To summarize, ASSOCHAM recommends that the term 'affected person' be defined more precisely to cover a person who is directly affected by any content on the website of an intermediary. The 36 hours for action as provisioned be extended to 36 working hours and the term 'action' be clearly defined to be limited to meaning acknowledging receipt of a takedown notice, alongside deleting the language regarding “upon obtaining knowledge by itself”.

Rule 3(7):

Rule 3 (7) does not prescribe a transparent procedure for investigative authorities’ requests for information. It is imperative that a uniform standard and format for issuing such requests is incorporated in the said Rules dealing with this subject matter. Furthermore, the legality and constitutionality of Rule 3(7) has been called into question in a sub judice matter before the Hon’ble Delhi High Court.

The current framing of Rule 3(7) in fact allows for cases where individual law enforcement agencies can abuse due process, by using notices claiming powers under Rule 3(7) to demand access to communications information even when the process demanded by substantive legal provisions – such as those regarding interception or law enforcement investigation requests in the IT Act and Telegraph Act – has not been followed by them. In essence, it leaves open a loophole which leads to misuse. Given the clear intent of the Ministry as stated in the Cyber Regulation Advisory Committee to prevent such cases of misuse of the IT Act, it is crucial for this issue to be addressed.

Therefore, the recommendation is that Rule 3 (7) be deleted and uniform and transparent processes for issuing notices for information under IT Act should be devised;

Rule 3 (11):

Rule 3 (11) mandates intermediaries to appoint a grievance redressal officer.
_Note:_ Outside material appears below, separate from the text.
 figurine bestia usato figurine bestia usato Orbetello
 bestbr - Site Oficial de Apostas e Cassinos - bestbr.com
However, intermediary services are always online and therefore a grievance redressal procedure rather than a single officer would be of better utility to customers. Such a process ensures timely (24x7) grievance redressal services to customers in the absence of grievance officer concerned.

Additionally, the term ‘redressal’ is of wide import and the standard of redress for any complaint is unclear. A complaint can be considered to be redressed if it has been discharged to the satisfaction of the parties as per the terms of service or if the individual has been directed to the law enforcement or other appropriate agencies for formal processing of the complaint.
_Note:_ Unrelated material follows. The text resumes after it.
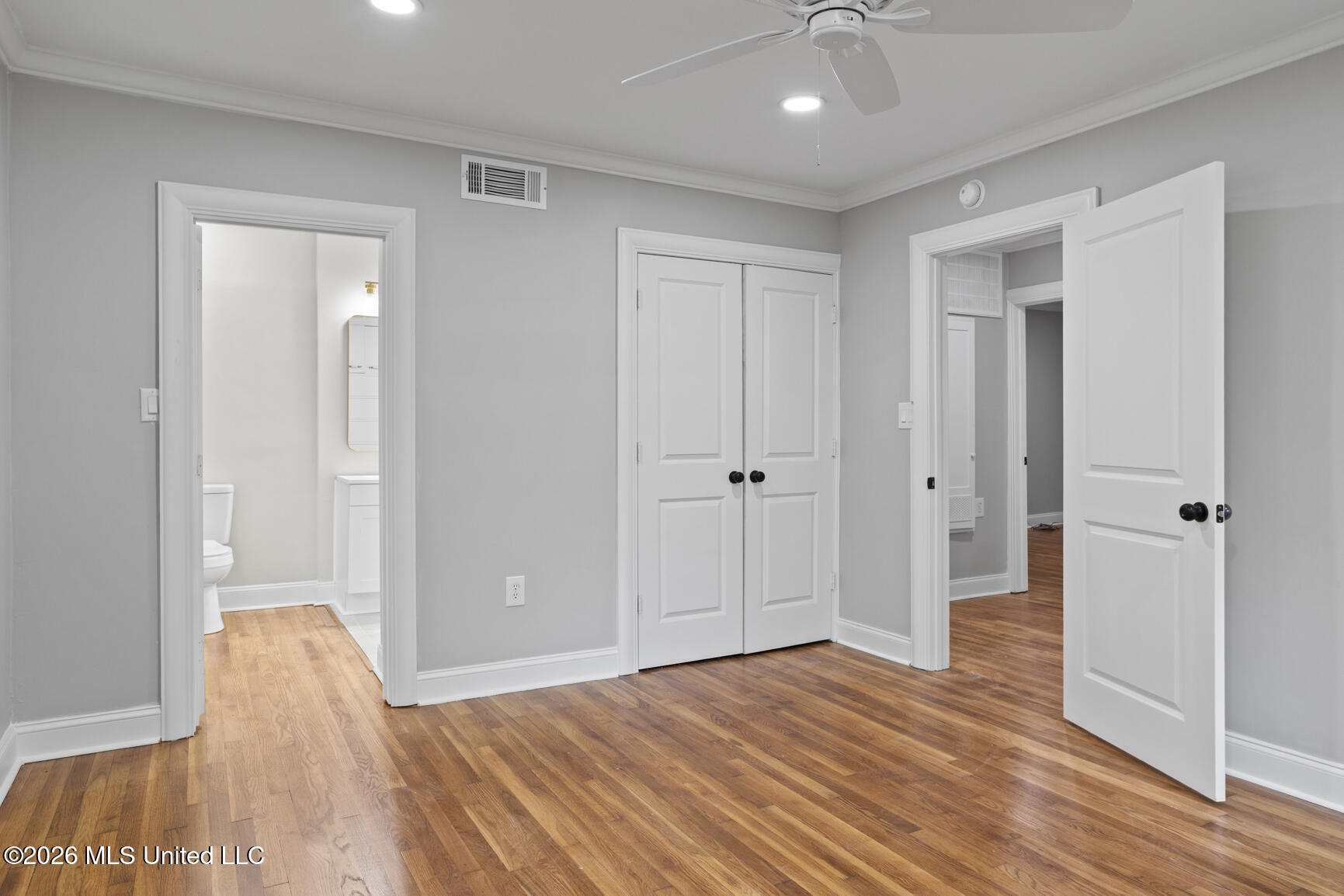 1112 Meadowbrook Road Jackson, MS 39206 - Photo 17 of 35 1112 Meadowbrook Rd-12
Therefore, Rule 3 (11) may be appropriately modified to require intermediaries to publish and communicate their grievance redressal processes and require appointment of a grievance officer only in the absence of such process. To help carry this out, intermediaries can be asked to provide a grievance team mail ID and/or a mechanism by which an affected person can communicate any complaints regarding content on the website of the intermediary.

Deterrent to curb possible misuse:

It is also possible that unscrupulous persons may try and misuse the provisions of the Act and Rules for personal benefit or for creating mischief. In this context we respectfully submit that the following suggestions be considered for inclusion in the Rules:

(a) the Rules include a provisions that provide for penalty where a person makes groundless threats and threatens an intermediary with legal proceedings or liability in respect of a content where such person is not the affected person or the content is not violation of law for the time being in force.

(b) the Rules also provide that an intermediary may recover such damages, if any, as may be sustained by reason of such threats or due to any action taken by the intermediary on the basis of false and/or misleading information provided by any person.

(c) the Rules include penalties for making any false statements for deceiving or influencing any authority or officer of the Government.